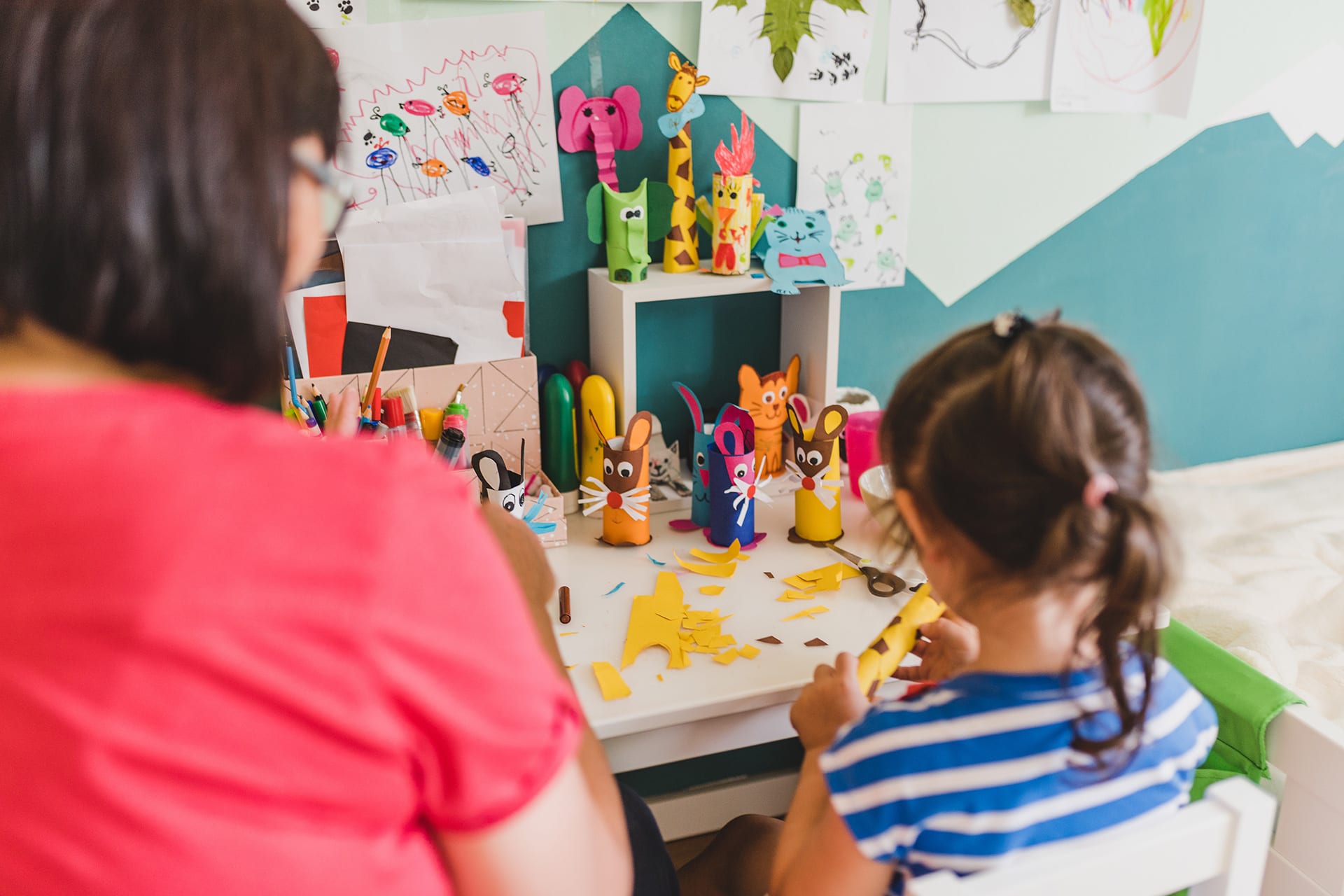 Basteln mit Kindern | Mutter und Kind basteln Tiere aus Klopapierrollen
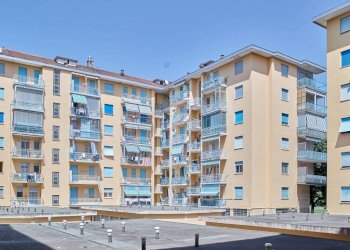 Facciata - Appartamento via Benedetto Croce, 1, Pinerolo - foto 3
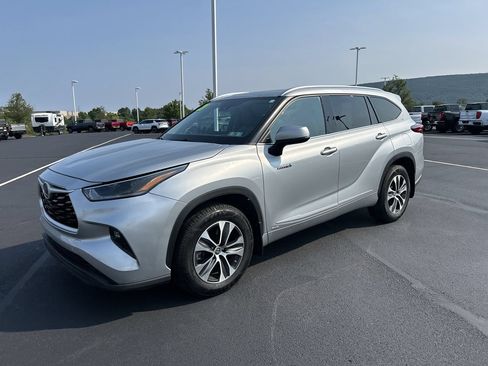 Used 2021 Toyota Highlander XLE w/ Protection Package #3 (TMS) AWD/4WD image 3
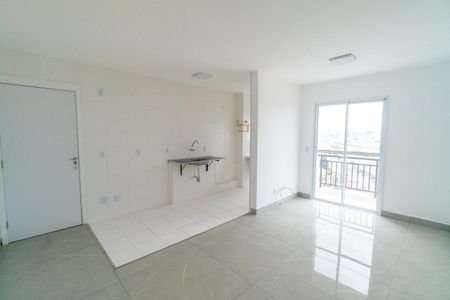Sala de apartamento à venda com 2 quartos, 50m² em Jardim Itacolomi, São Paulo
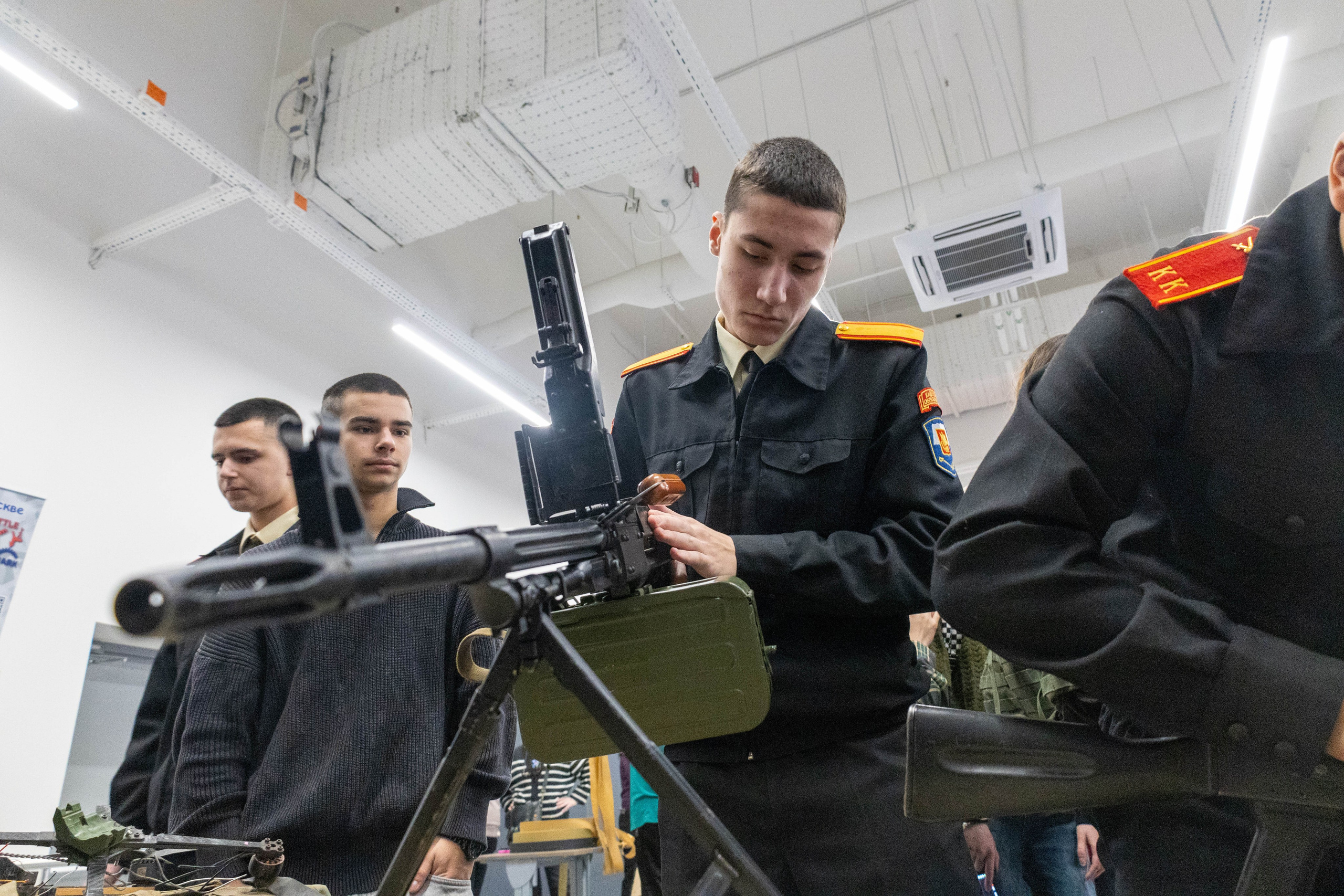 Выставка «Наш путь к победе»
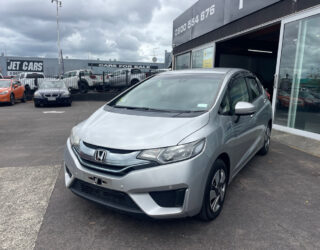 2015 Honda Fit Hybrid image 213283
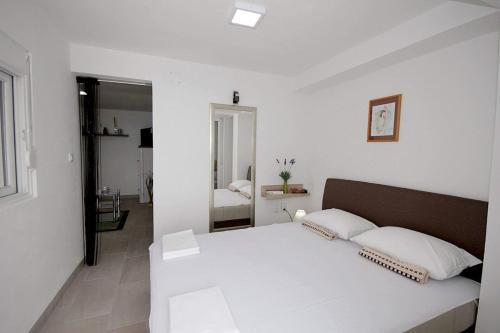 Gallery image of Apartmani Kasija in Dobra Voda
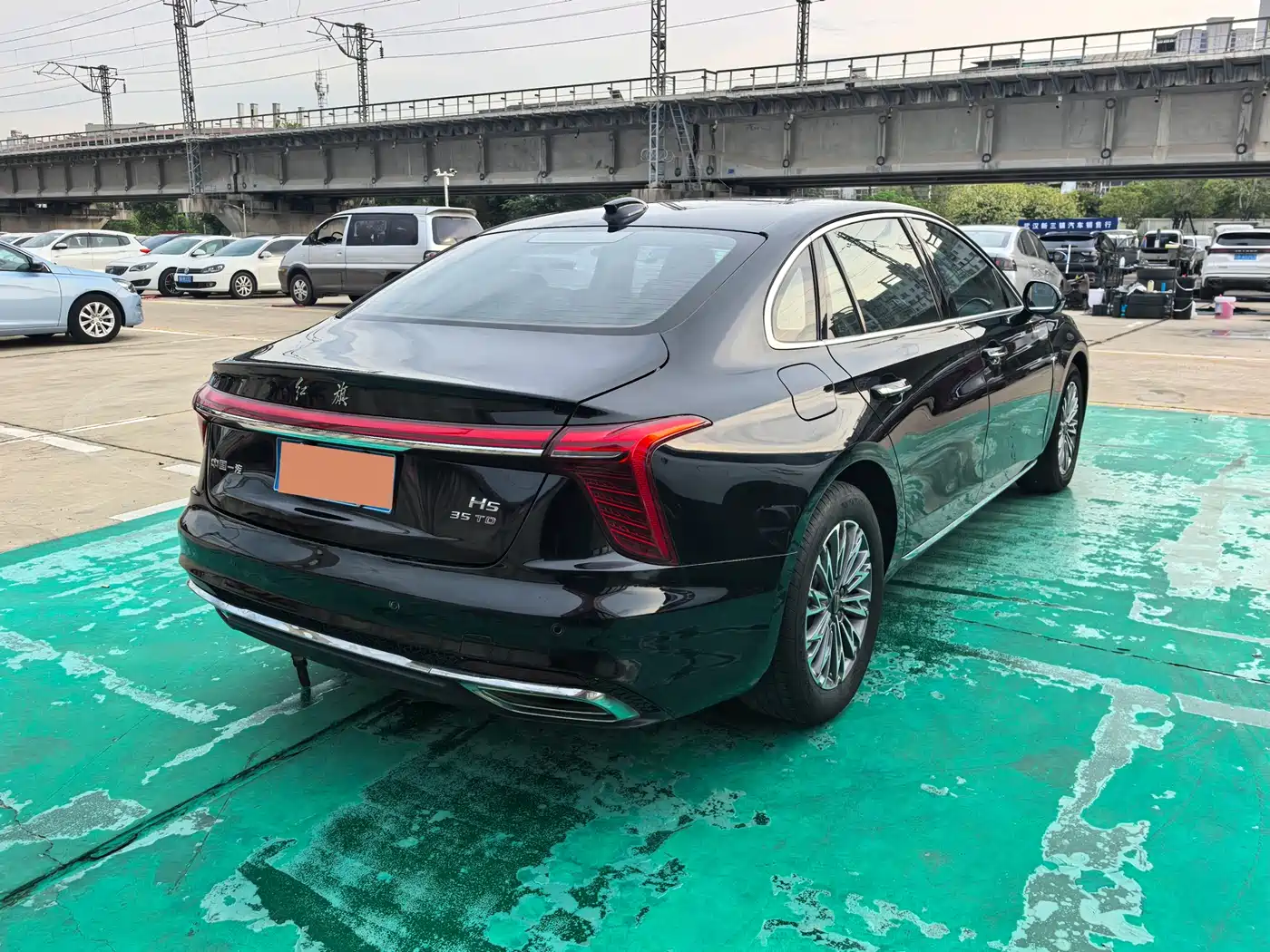 Hongqi H5 2022 Classic Facelift 1.5T DCT Flag Rhythm Edition фото 11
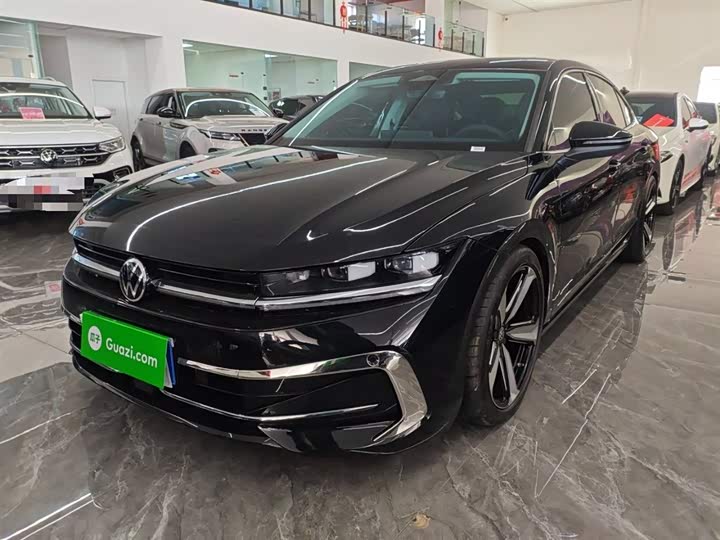 Фото 2 - Volkswagen Magotan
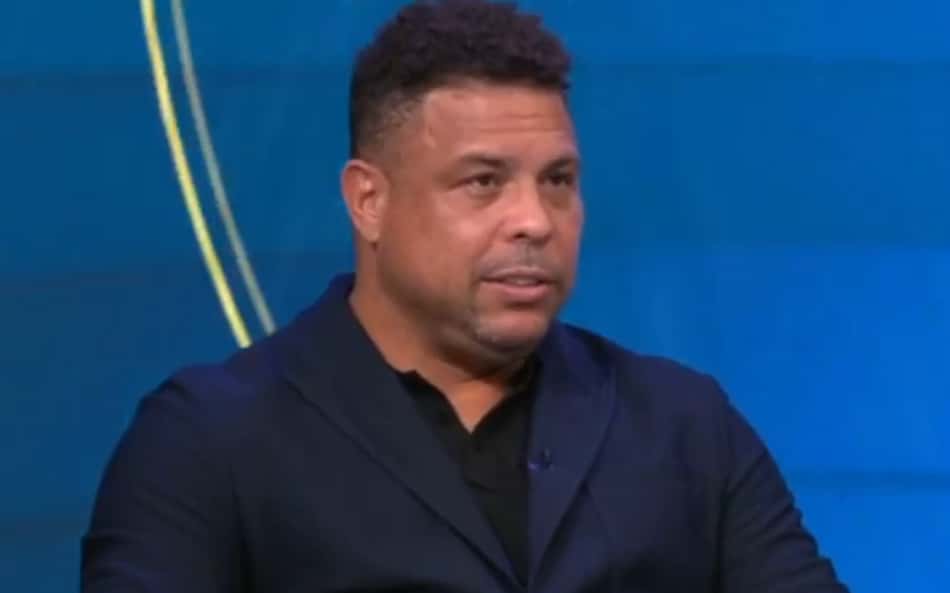 Ronaldo-aspect-ratio-512-320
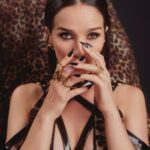 Natalia Oreiro Instagram - ⁣ El Gato volador 🐆 Anoche en semifinales de @lavoz_uy 🐆 @brunoilusorio 🖤 @_tavogarcia 🐆 @rosanjuan 🖤 @luligemelli 🐆 @ghoda.uy 🖤 @lajollashoes 🐆 @diegoalfonsouy 🖤 @castillosfernando 🐆 @merynaor 🖤 @@karechelixir 🐆 @bliss.com.ar 🖤 @lu.lul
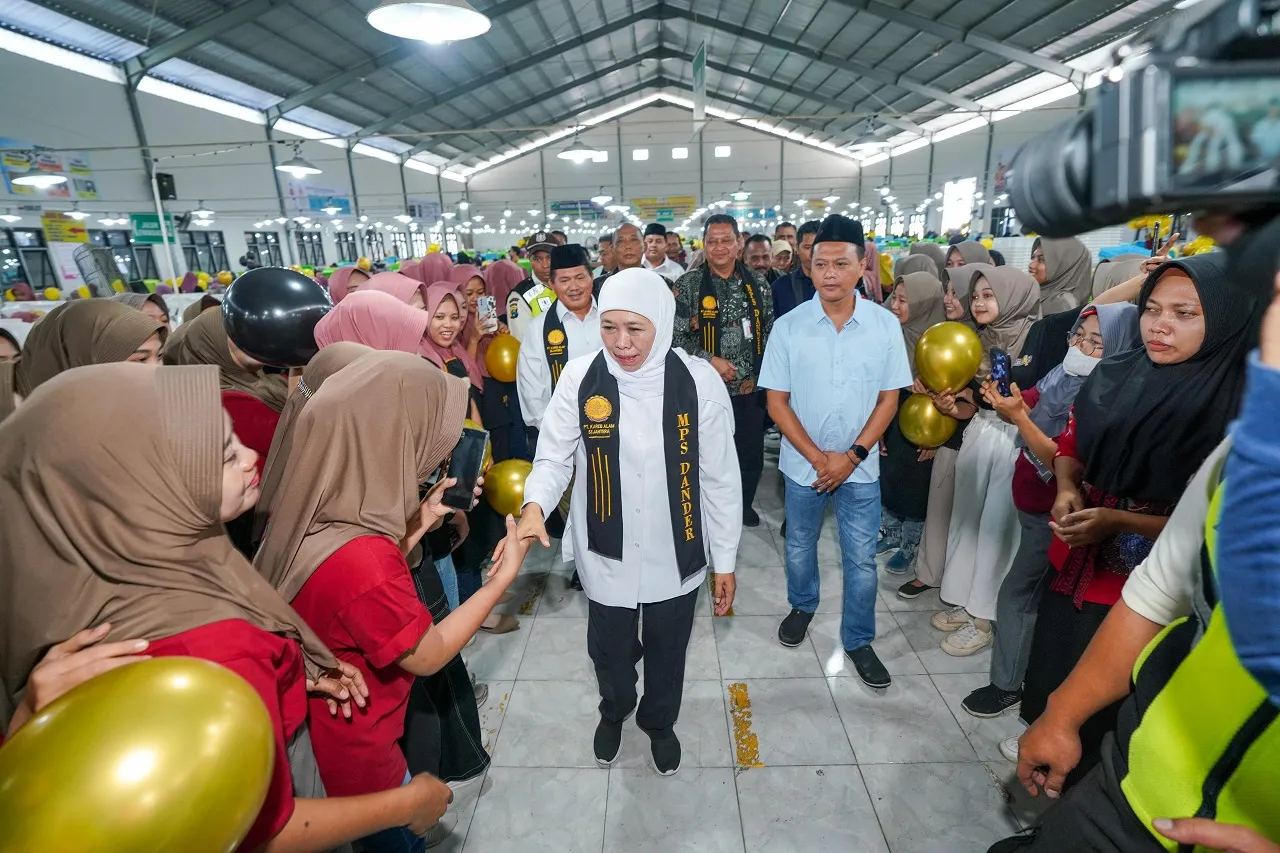 Disambut Antusias 5.500 Emak-Emak, Khofifah: Kita Maksimalkan Serap Tenaga Kerja Perempuan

________

§ Directions: Only those lines from the one containing "Gallery image of" to the end of the material above, retyped exactly and without pictures, belong in your reply.

§ Result for this task:
 Gallery image of Apartmani Kasija in Dobra Voda
 Hongqi H5 2022 Classic Facelift 1.5T DCT Flag Rhythm Edition фото 11
 Фото 2 - Volkswagen Magotan
 Ronaldo-aspect-ratio-512-320
 Natalia Oreiro Instagram - ⁣ El Gato volador 🐆 Anoche en semifinales de @lavoz_uy 🐆 @brunoilusorio 🖤 @_tavogarcia 🐆 @rosanjuan 🖤 @luligemelli 🐆 @ghoda.uy 🖤 @lajollashoes 🐆 @diegoalfonsouy 🖤 @castillosfernando 🐆 @merynaor 🖤 @@karechelixir 🐆 @bliss.com.ar 🖤 @lu.lul
 Disambut Antusias 5.500 Emak-Emak, Khofifah: Kita Maksimalkan Serap Tenaga Kerja Perempuan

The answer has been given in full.